Today I’m reviewing two books together just because they are the first 2 books in a 3 book series and I feel the second cannot be read without the first.

Title: A Golden Age
Author: Tahmima Aman
Genre: Fiction
Set in: Bangladesh
Source: Personal Shelf
Rating:4.5 out of 5

My thoughts:
In 1947, after Independence from the British, India was partitioned into India and Pakistan (east and West). East Pakistan was later named as Bangladesh after the 1971 war. Okay, as an Indian, I know all this. But my knowledge about the Bangladesh war of Independence is very limited. Forget about the war but even otherwise I knew very little about Bangladesh in spite of its proximity to India. So when my husband went to Bangladesh for work, I asked him to get me something written by a Bangladeshi author and he got A Golden Age. Honestly I couldn’t have selected a better book.

A Golden Age is about a Muslim woman called Rehana whose husband has expired and her children are forcefully handed over to the relatives as she was deemed unfit to raise her kids all alone. She works hard to get her kids back to Dhaka and succeeds but not without any sacrifices. The story actually begins when her kids are all grown up: Maya is a 17-year-old and Soheil is 19. Soheil and Maya are actively involved in student politics; Soheil is a very charming speaker and can pull crowds. When Pakistan attacks Bangladesh (then East Pakistan), Rehana does not want her children to get involved in the war in any way. She had to fight very hard to get them back from her relatives and she doesn’t want the war taking them away from her.

As the war comes closer to home and her children become involved to the point of leaving their homes and fighting for their country, we see all that Rehana has ever struggled for on the verge of falling to pieces. We also see her strength as a woman and her resolve to protect her children at all costs.

In A Golden Age, we don’t get to know the details of the war, we are always on the fringes. Our state is like Rehana’s, wanting to know what is happening and when it will all end. It is a human story, the story of a mother set against the backdrop of a war. I loved the authors writing, it took me to Bangladesh, to Dhanmondi and that period of struggle. I enjoyed reading this book immensely inspite of the serious topic. It was informative and entertaining. This is one book that I very highly recommend.

Title: The Good Muslim
Author: Tehmima Aman
Genre: Fiction
Set in: Bangladesh
Source: Review Copy
Rating:4.5 out of 5

My thoughts:
The Good Muslim begins 10 years after A Golden Age ends. It felt right to review these 2 books together as the second one is the continuation of the first and without reading the first book  it is very difficult to understand the second. The war has ended, a new country, Bangladesh is formed and 10 years have passed. This book is from Maya’s point of view and she is now a women’s doctor in a remote village in Bangladesh, leaving her mother and brother, for reasons unknown at that point. Due to some unfortunate circumstances Maya has to return to Dhaka. She finds that a lot has  changed while she was away. Her brother has dedicated himself to Islam and he is no longer close to their mother. Soheil’s wife’s funeral is being held and he also has a son called Zaid who is 4 years old.

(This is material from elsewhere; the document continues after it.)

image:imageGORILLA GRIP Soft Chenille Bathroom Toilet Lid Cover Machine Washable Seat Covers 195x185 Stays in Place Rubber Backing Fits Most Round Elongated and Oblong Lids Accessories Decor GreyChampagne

Soheil has begun to give religious sermons and has left his sons upbringing to a woman who works with him. She is as strict and religious as Soheil and Zaid is left without any education and anyone to look after him. Maya struggles to settle back in Dhaka and tries to comprehend the changes Soheil has gone through. She takes Zaid under her wing and tries to make his life better.
On the other hand, she also struggles to understand how people can forget how they struggled for Independence only a few years back and have moved on. She doesn’t want to move on. She wants to remember, not only all that happened but also how Soheil was before and during the war. She wants to understand what Soheil has gone through to affect him so much that he has to turn to religion. When Soheil decides to send Zaid to a Madrasa, Maya thinks she has to do something for Zaid.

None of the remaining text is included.